◆ WHAT THE TASK ASKS: Print, exactly as written, the line in the entries below that contains "Estuche alhajero con" and every line after it up to and including the last. Omit pictures.

++++

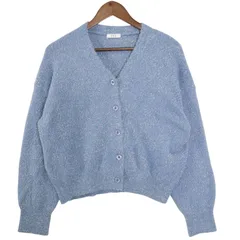 a.v.v アーヴェヴェ 秋冬 ラメ★ ニット カーディガン 羽織り Sz.L レディース 水色 青系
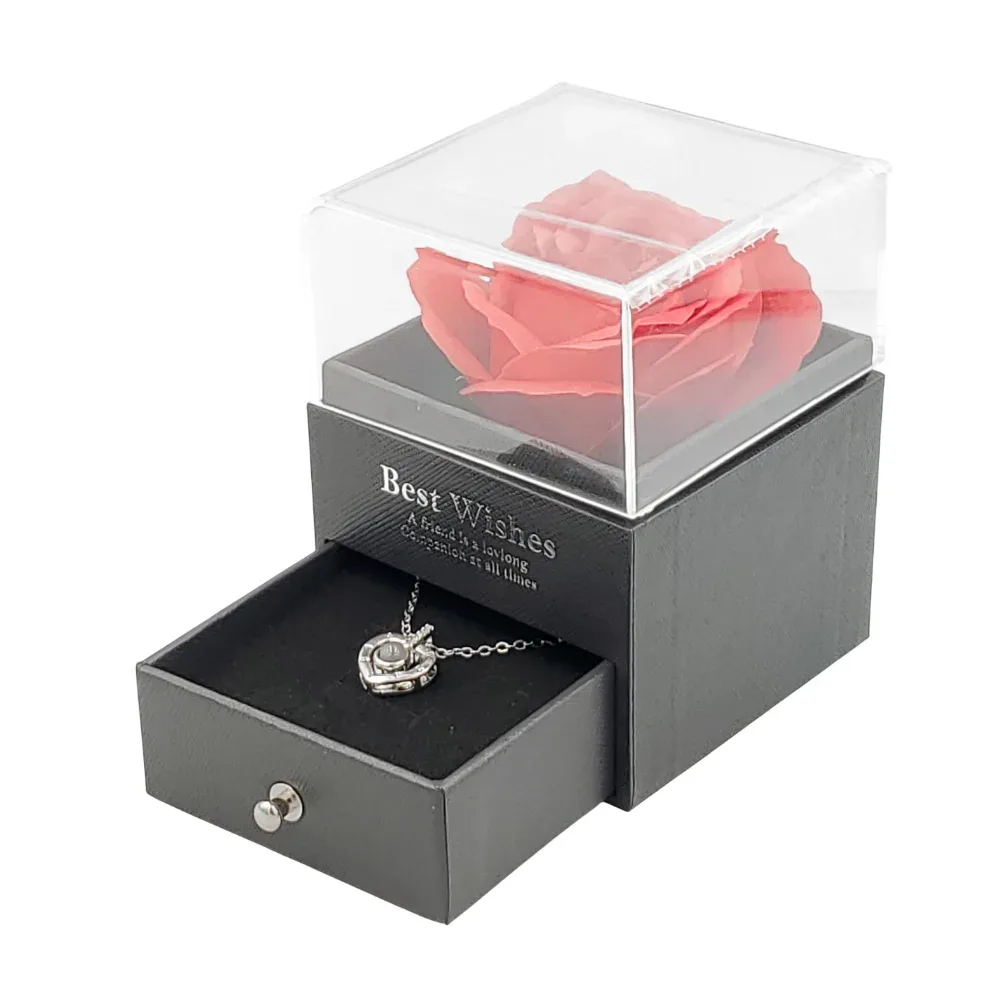 Estuche alhajero con rosa encapsulada + accesorio, variedad de colores / xq-260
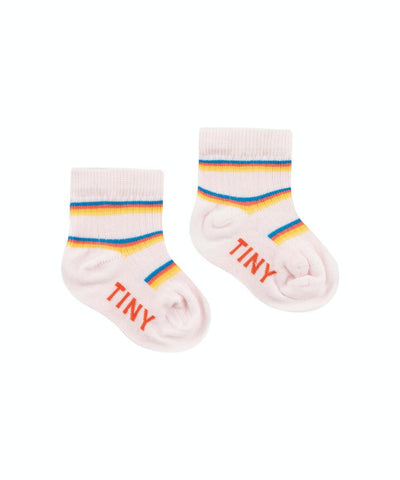 Tiny Cottons Baby Stripes Quarter Socks Pink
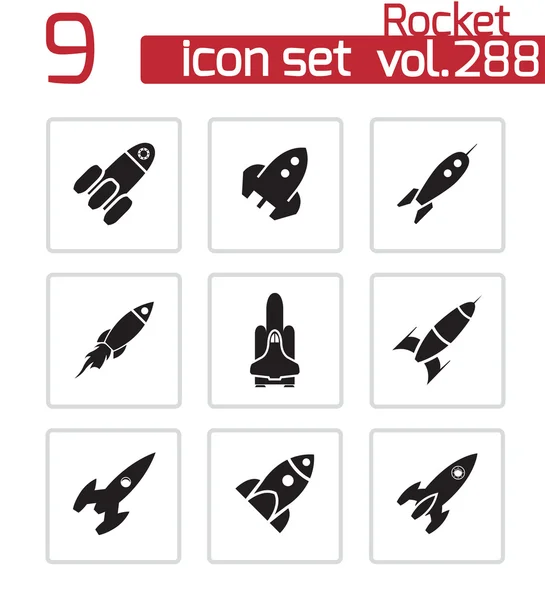 Conjunto de iconos de cohete negro vectorial — Vector de stock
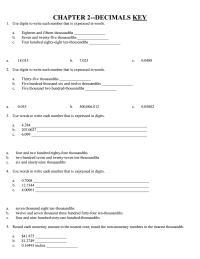 Chapter 2 Use words to write each number that is expressed in digits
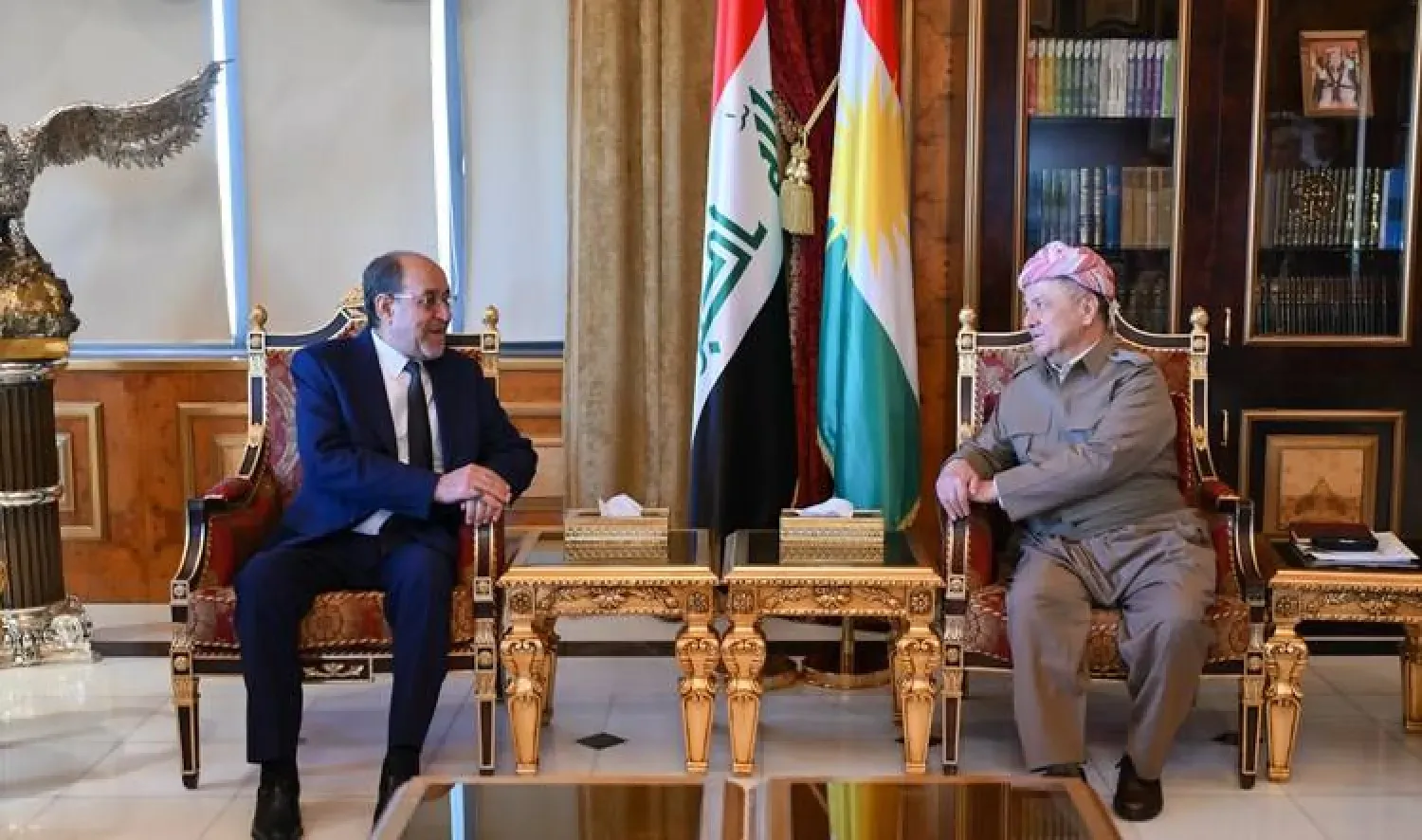 KDP lideri Mesud Barzani ile Kanun Devleti Koalisyonu lideri Nuri el-Maliki dün Erbil'de bir araya geldi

++++

◆ RESULT OF THE EXERCISE:
 Estuche alhajero con rosa encapsulada + accesorio, variedad de colores / xq-260
 Tiny Cottons Baby Stripes Quarter Socks Pink
 Conjunto de iconos de cohete negro vectorial — Vector de stock
 Chapter 2 Use words to write each number that is expressed in digits
 KDP lideri Mesud Barzani ile Kanun Devleti Koalisyonu lideri Nuri el-Maliki dün Erbil'de bir araya geldi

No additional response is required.